All of the listing should be returned as written, apart from any picture in it.

Input data>
=====
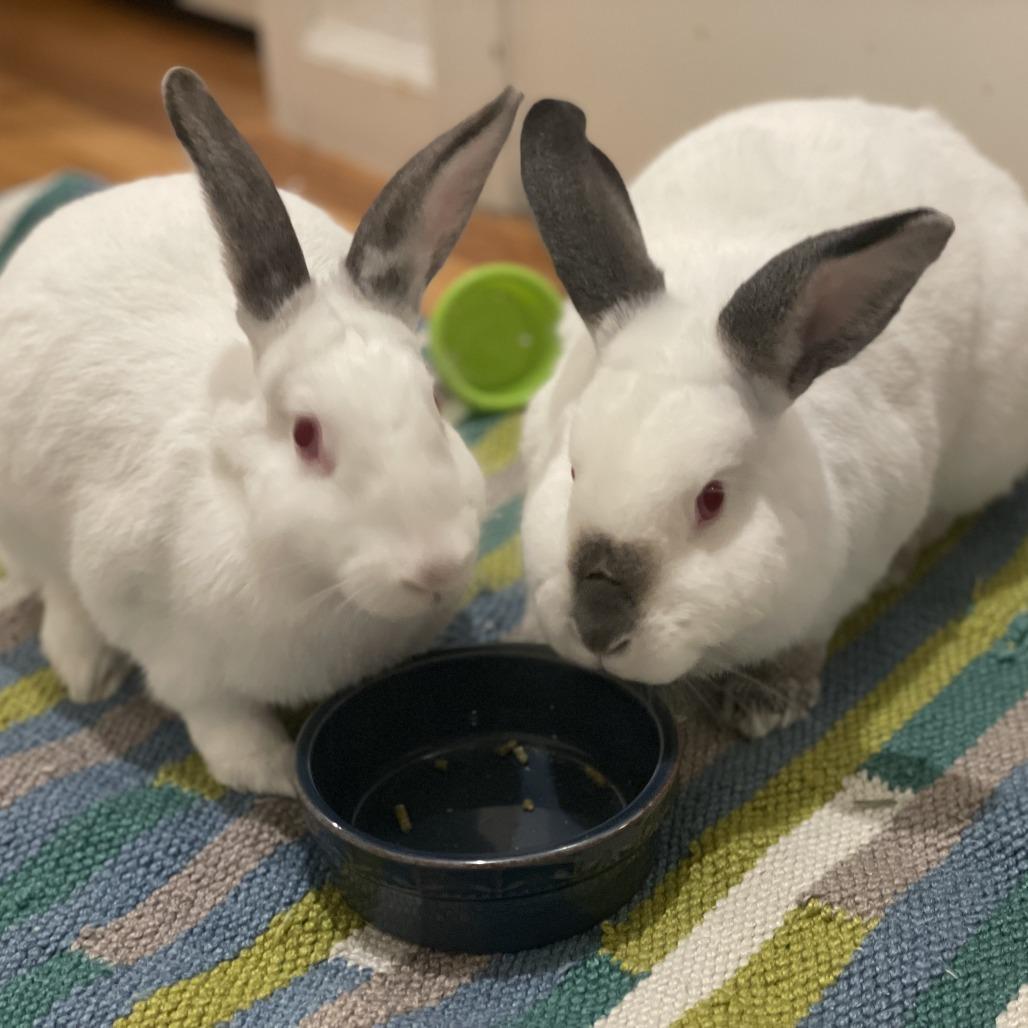 Enlarge Thing 2, a Adoptable Californian in Richmond, CA image 1/6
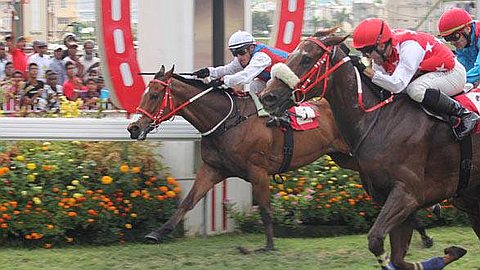 Horse Racing - 39th Day: Ségéon Ended Season in Style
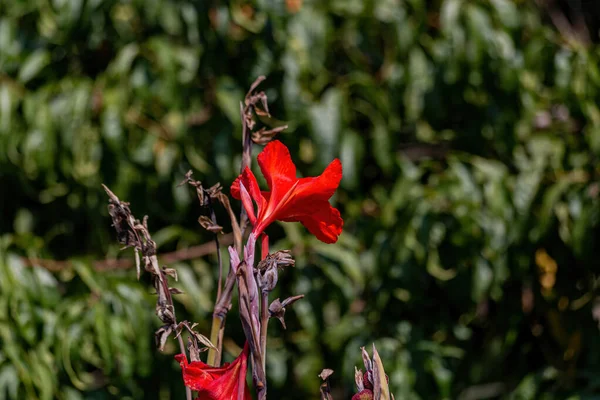 Rote Blume Garten — Stockfoto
=====
Task response>
 Enlarge Thing 2, a Adoptable Californian in Richmond, CA image 1/6
 Horse Racing - 39th Day: Ségéon Ended Season in Style
 Rote Blume Garten — Stockfoto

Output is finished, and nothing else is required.